Ele era extremamente cético, e talvez exatamente por isso fosse também tão encantadoramente engraçado. Todos os trabalhos lhe pareciam ser o primeiro. Mas não sei dizer ao certo qual foi seu primeiro trabalho. (Às vezes, sinto que, se esgotar tudo que há para saber sobre meu pai, talvez ele diminua de tamanho, ou fique mais distante de mim). Locutor de radionovela no Recife? A ponta no longa "A Falecida", de Leon Hirszman, em 1965?

No final desse mesmo ano de 1965, estreava no Teatro Maison de France, no Rio, "Perto do Coração Selvagem", montagem de um texto de Clarice Lispector.

Dirigida por Fauzi Arap, contava em seu elenco com Glauce Rocha, Dirce Migliaccio, o próprio Fauzi e meu pai, então com 20 anos, talvez menos –há divergências em relação a sua data de nascimento; nunca me preocupei em perguntar; para mim, basta o 20 de agosto de, talvez, 1945–, e mais magro não poderia ser.

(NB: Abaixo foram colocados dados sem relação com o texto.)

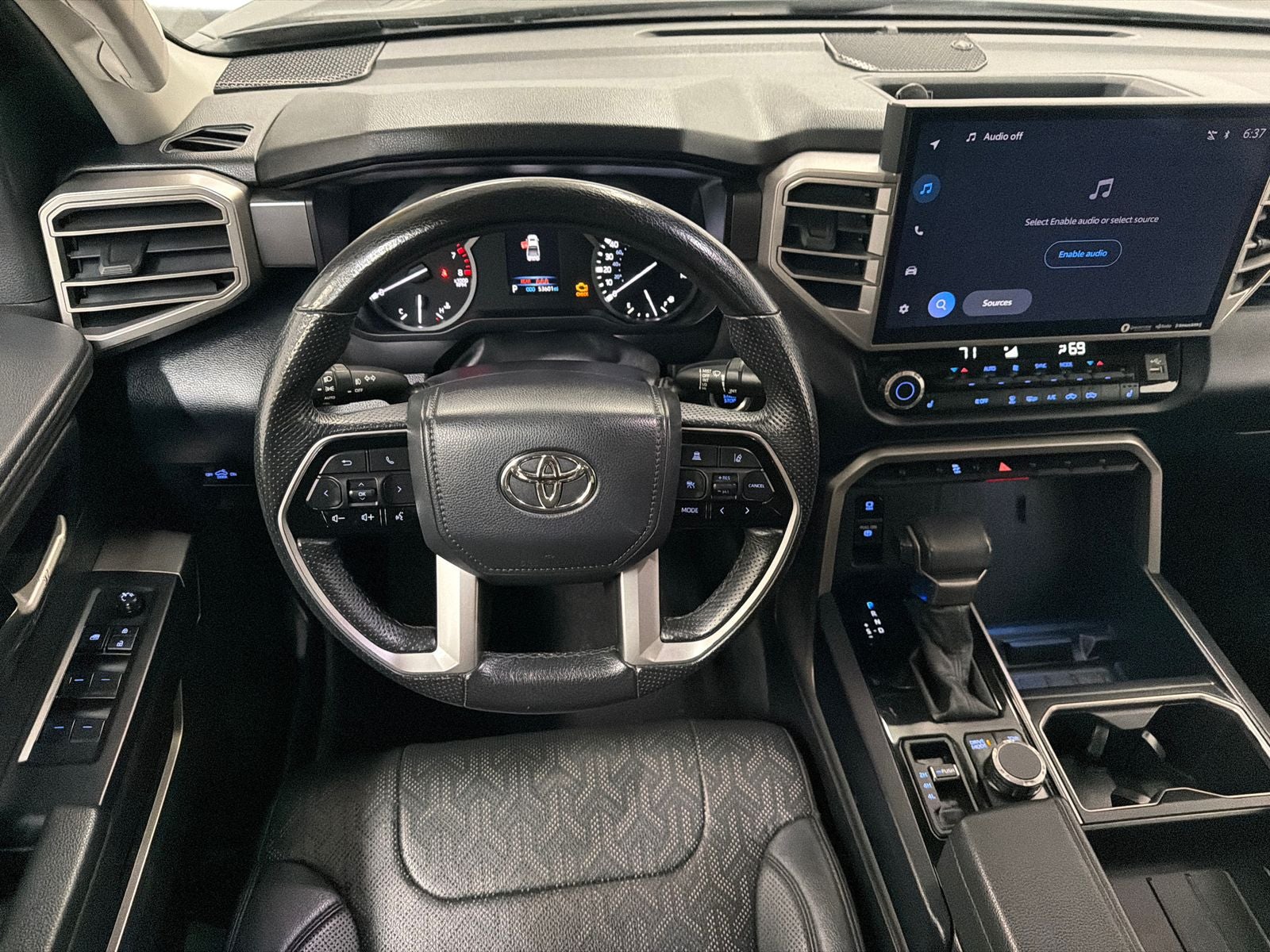 2022 Toyota Tundra SR5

Imagino esse menino delgado dando seus primeiros passos no palco. Antes do Teatro Ipanema, antes de "A China é Azul", antes de Rubens Corrêa e d'"O Arquiteto e o Imperador da Assíria", antes de Vadinho, de Lorde Cigano, de Roque Santeiro.

Ele me contou que tudo era muito novo no projeto, que as pessoas não sabiam muito o que esperar, e que foi uma surpresa quando montaram. "Acho que a plateia riu em dado momento", disse, lembrando que o elenco não tinha ideia de que aquela passagem poderia ser engraçada.

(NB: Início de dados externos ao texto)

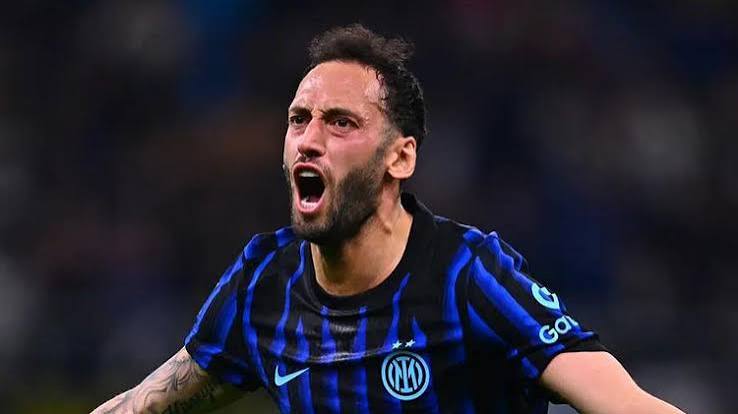 HAKAN ÇALHANOĞLU İÇİN JUVENTUS SÜRPRİZİ: DEVLER SIRADA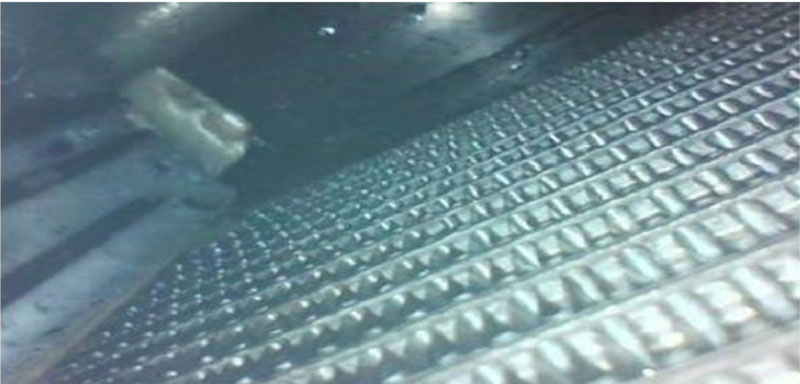 dùng camera nội soi tình trạng bề mặt và hướng giàn lạnh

Hoje, sou eu que atuo numa montagem de textos da Clarice. Gosto de imaginar que nos encontramos em cena, por meio dessas palavras. É esquisito falar, e não ler, Clarice, mas todo o processo de criação de "Brincar de Pensar" me ensinou que também é uma delícia falar esse dialeto curioso.

Meu pai era outro que tinha um jeito bem particular de existir. Nos anos que passei em sua companhia, aprendi a "falar José", o que inspirou muito a criação da Marília, minha personagem de agora.

Ele era um jagunço-menino que nunca perdia a piada –mesmo que não tivesse ninguém para ouvi-la; esse cara que achava uma delícia ser bobo, que não tinha medo de tédio e que nunca parou de brincar.

Só ele mesmo para me fazer achar graça quando leio Clarice dizendo: "A vida não é de se brincar, porque em pleno dia se morre".

ISABEL WILKER, 32, atriz, encenou o espetáculo "Brincar de Pensar", do grupo Vulcão, baseado em contos de Clarice Lispector.